-- WHAT YOU WILL DO --
Retype exactly the span of lines below from the one with "directed lingually" through the one with "Denti con opacità". Do not include pictures.

-- RECORDS --
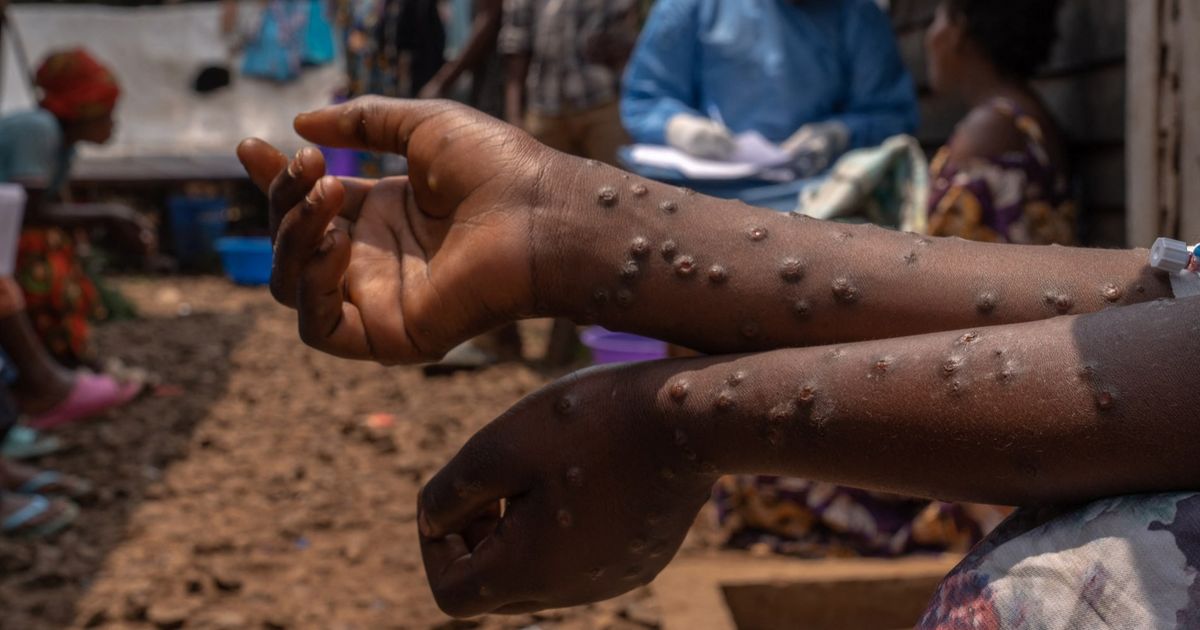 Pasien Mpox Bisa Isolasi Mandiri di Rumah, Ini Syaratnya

...

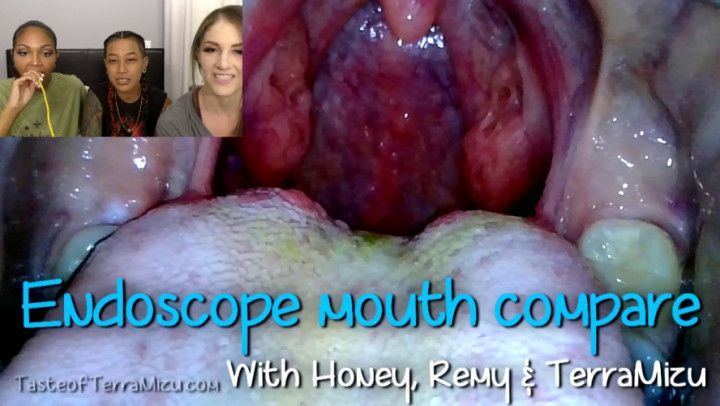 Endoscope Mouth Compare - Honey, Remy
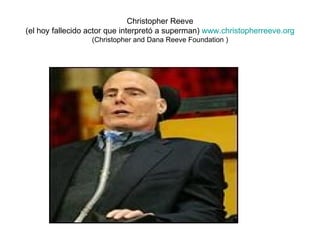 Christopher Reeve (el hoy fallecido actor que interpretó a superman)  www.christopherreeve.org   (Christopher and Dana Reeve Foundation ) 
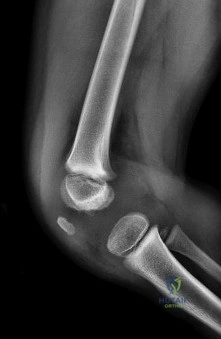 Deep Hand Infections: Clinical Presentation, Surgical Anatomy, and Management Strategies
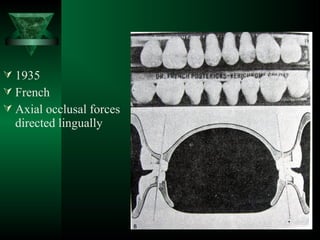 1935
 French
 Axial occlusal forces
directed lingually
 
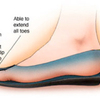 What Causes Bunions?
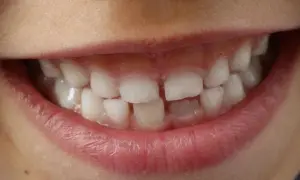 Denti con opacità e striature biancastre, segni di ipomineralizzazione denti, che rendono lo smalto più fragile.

==

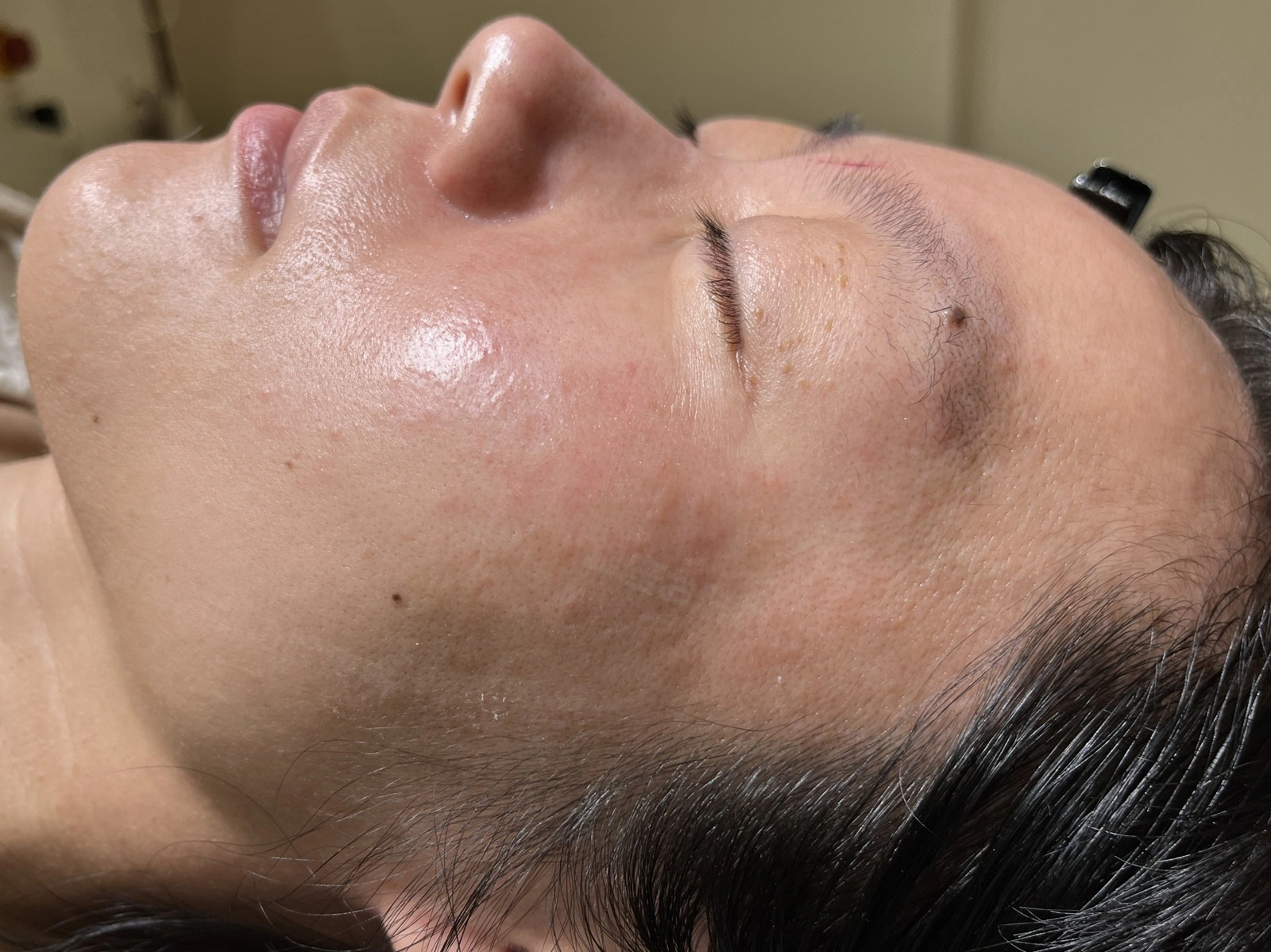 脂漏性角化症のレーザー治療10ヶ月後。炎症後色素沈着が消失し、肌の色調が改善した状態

-- REPLY TO THE EXERCISE --
directed lingually
 
 What Causes Bunions?
 Denti con opacità e striature biancastre, segni di ipomineralizzazione denti, che rendono lo smalto più fragile.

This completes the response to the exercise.